Chez lui, la frontière est poreuse. Le vécu personnel se fond avec l’histoire collective. Un témoignage devient roman. Le roman devient mémoire. Ce choix n’était pas un hasard. C’était sa manière de dire que les récits des peuples, souvent effacés ou ignorés, méritent une place dans la littérature. Pour lui, écrire, c’était sauver de l’oubli.
Elias Khoury n’était pas seulement romancier. Il était journaliste, critique, enseignant. Il a écrit des chroniques, dirigé des suppléments culturels, animé des débats. Son rôle était aussi celui d’un passeur. Il faisait découvrir d’autres écrivains. Il commentait, questionnait, transmettait. On lui doit une manière nouvelle de lire la littérature arabe. Une manière plus exigeante, mais aussi plus libre.
Quand je pense à Elias Khoury, je pense à un regard.

C’était un regard vif, inquiet parfois, mais toujours ouvert. Il écoutait, ne se plaçait pas au-dessus. Il donnait de l’espace aux autres. Même dans ses interventions publiques, il restait proche, presque familier. On sentait l’homme derrière l’intellectuel. L’humain derrière l’écrivain.
Il y avait en lui une fidélité.
Fidélité à la cause palestinienne, à son pays malgré ses blessures. Fidélité à une certaine idée de la culture comme résistance. Cette fidélité ne l’a jamais quitté. Même quand il enseignait à l’étranger, il restait relié à Beyrouth, à ses rues, à ses contradictions.

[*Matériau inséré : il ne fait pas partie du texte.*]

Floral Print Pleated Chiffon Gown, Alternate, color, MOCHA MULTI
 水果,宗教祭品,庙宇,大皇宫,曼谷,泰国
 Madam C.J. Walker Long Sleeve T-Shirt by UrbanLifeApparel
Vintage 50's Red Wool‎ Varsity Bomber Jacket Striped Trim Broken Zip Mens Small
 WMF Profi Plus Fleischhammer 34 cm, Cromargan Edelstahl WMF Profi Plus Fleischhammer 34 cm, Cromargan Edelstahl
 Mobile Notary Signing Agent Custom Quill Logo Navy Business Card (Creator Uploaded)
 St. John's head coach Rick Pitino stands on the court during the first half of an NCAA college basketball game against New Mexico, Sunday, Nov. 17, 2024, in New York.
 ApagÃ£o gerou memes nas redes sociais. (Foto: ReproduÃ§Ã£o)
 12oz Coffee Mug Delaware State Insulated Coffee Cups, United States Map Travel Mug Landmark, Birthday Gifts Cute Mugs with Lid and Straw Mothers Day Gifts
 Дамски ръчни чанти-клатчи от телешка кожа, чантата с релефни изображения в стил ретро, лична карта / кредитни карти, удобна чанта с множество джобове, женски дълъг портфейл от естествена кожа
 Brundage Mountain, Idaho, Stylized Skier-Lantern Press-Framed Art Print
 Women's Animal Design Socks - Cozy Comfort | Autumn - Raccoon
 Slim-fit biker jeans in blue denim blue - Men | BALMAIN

Aujourd’hui, lire ou relire Elias Khoury, c’est dialoguer avec un homme qui a transformé l’écriture en acte de liberté. C’est se confronter à des vérités parfois dures, mais nécessaires. C’est accepter que la littérature ne soit pas un refuge, mais une secousse.

Je garde de lui cette impression d’une voix qui ne s’éteint pas. Ses livres continuent de circuler. Leurs personnages continuent de parler. Ses idées continuent de bousculer.
Et au fond, n’est-ce pas cela la véritable immortalité d’un écrivain ? Ne pas disparaître avec sa génération. Mais rester vivant dans chaque lecteur qui le découvre.
Elias Khoury n’a jamais cherché les honneurs. Il cherchait la vérité des mots. C’est peut-être pour cela qu’il touche encore. Ses récits ne sont pas des monuments froids. Ils vibrent, respirent et nous accompagnent dans nos propres interrogations.
Son départ a laissé un vide. Mais ce vide n’est pas silence. Il est rempli par ses livres. Par ses engagements. Par la trace indélébile qu’il a laissée. Lire Elias Khoury, c’est apprendre à ne pas céder. À ne pas fermer les yeux. À croire encore dans la puissance de la littérature.